Foi dessa viagem que a comitiva voltou com as joias milionárias que seriam entregues como presente a Bolsonaro e à então primeira-dama Michelle, em vez de serem incorporadas ao acervo do Estado brasileiro, como revelou o Estadão. Após o escândalo, Albuquerque chegou a afirmar que escreveu ao governo saudita informando que a joia seria incorporada ao acervo nacional. Entretanto, em resposta a um pedido de Acesso à Informação feito pela Pública, o Ministério de Minas e Energia afirmou que não encontrou nenhum registro da tal carta. Segundo fontes ouvidas pela reportagem, a estratégia saudita era uma “operação sedução” que, além dos presentes, também envolveu promessas de investimentos no Brasil.

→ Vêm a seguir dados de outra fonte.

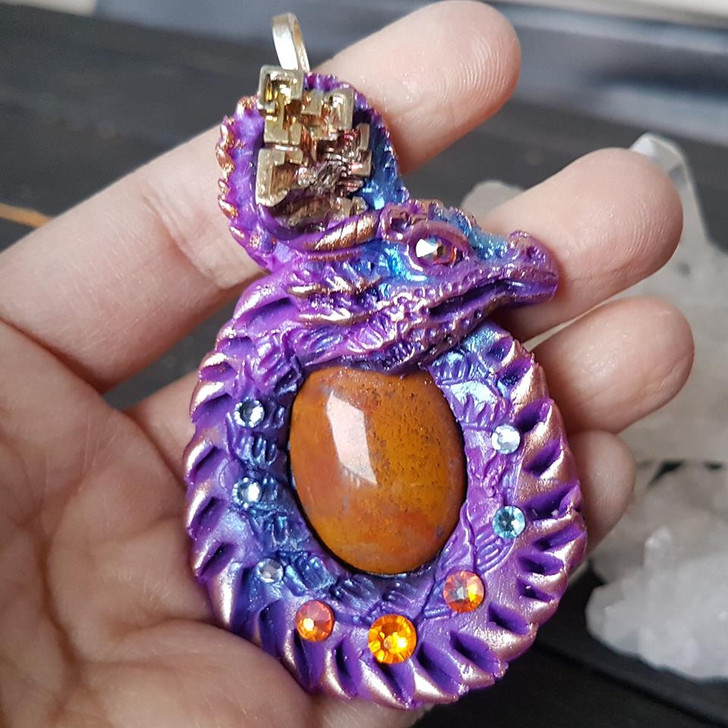 Agate & Bismuth Dragon Pendant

A OPEP é o cartel de países produtores de petróleo fundado em 1960 inicialmente com Arábia Saudita, Irã, Iraque, Kuwait e Venezuela. Atualmente, a organização tem mais de 10 membros, além de países alinhados, mas que não são membros, como a Rússia — que integra a chamada OPEP+, uma espécie de segundo escalão do bloco. O Brasil foi convidado para fazer parte deste escalão, criado para ampliar o poder político do grupo, que atua para determinar o preço do barril pelo mundo. Na OPEP+, os países não precisariam adotar as mesmas medidas determinadas pelo grupo a membros, nem mesmo sobre as cotas de produção. Para os sauditas, a lógica é simples: quanto maior o número de produtores dentro do cartel, melhor para sua posição de força.

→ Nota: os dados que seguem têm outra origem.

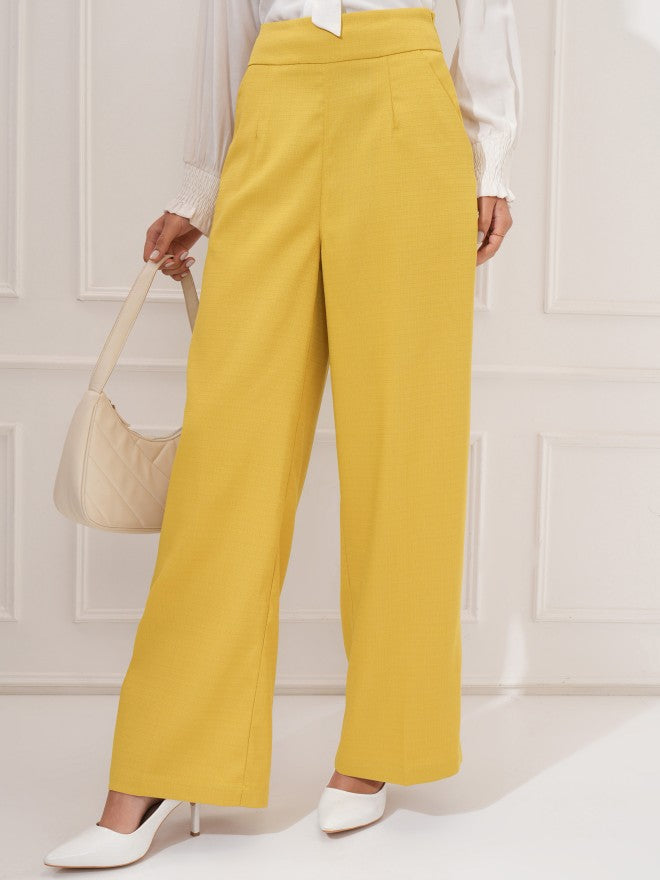 Tokyo Talkies Women Yellow Regular Solid Formal Trouser - Yellow - Image 4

Ministro discutiu petróleo em evento “verde”

Nos dias 23 e 24 de outubro de 2021, o almirante Albuquerque visitou a Arábia Saudita como representante do governo Bolsonaro para um evento de lançamento da “Iniciativa Arábia Saudita Verde”. Com o tema “Uma nova era de ação: oásis vivo”, o objetivo, de acordo com o convite enviado ao Estado brasileiro, era “promover uma ação ambiental ambiciosa”, com a promessa de o país alcançar 50% de fontes renováveis de energia até 2030 e de plantar 10 bilhões de árvores nas próximas décadas.

O evento, que reuniu também o primeiro-ministro indiano, Narendra Modi, e o enviado especial para questões climáticas dos EUA, John Kerry, trazia como justificativa o cenário de emergência climática vivido pelo mundo. Mas as palavras escolhidas foram cuidadosas e não faziam em nenhum momento menção à necessidade de redução do uso de combustíveis fósseis – cuja queima é a principal fonte de emissões do gases que provocam o efeito estufa.

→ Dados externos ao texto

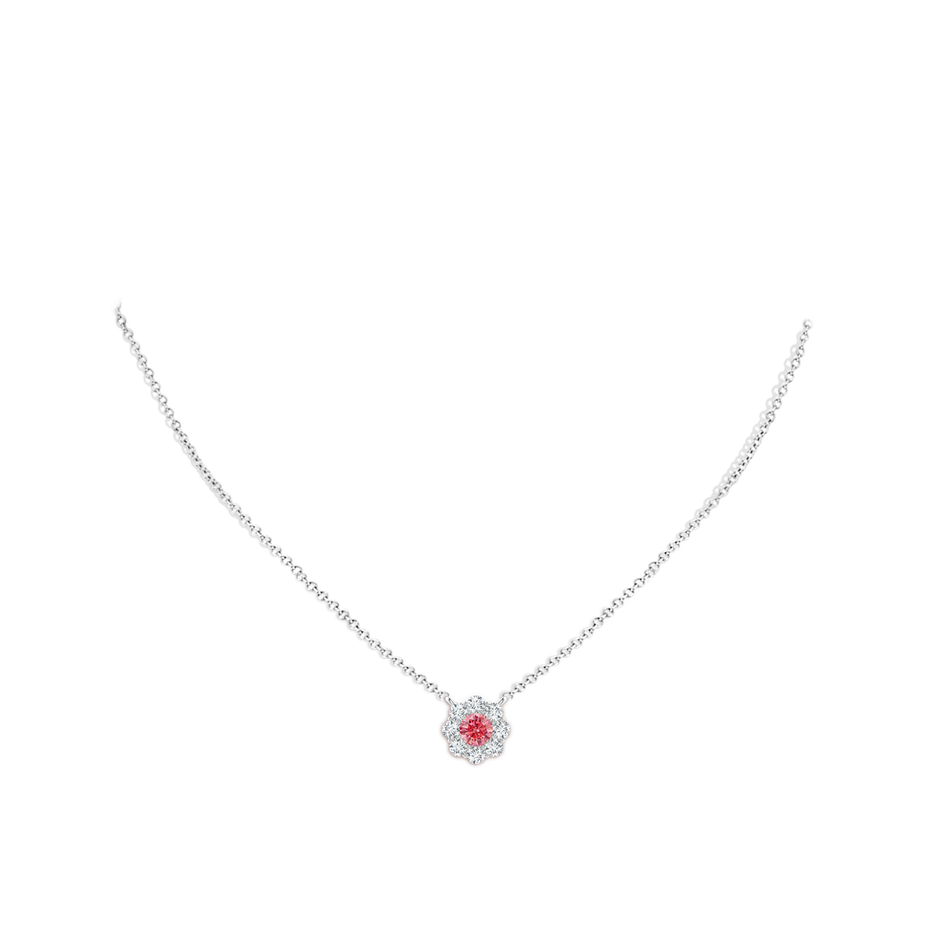 4.6mm Labgrown Prong-Set Round Lab-Grown Fancy Intense Pink Diamond Halo Pendant in P950 Platinum pen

“O mundo está entrando em uma nova fase de transformação econômica em um momento crítico para o planeta. O reflorestamento e soluções baseadas na natureza são agora ativamente buscadas por seus benefícios ao clima e à biodiversidade e por seus retornos financeiros. Essa transformação é a oportunidade de crescimento do século. Precisamos de ação urgente e baseada na ciência. Precisamos disso em grande escala. E precisamos agora”, continuava o convite.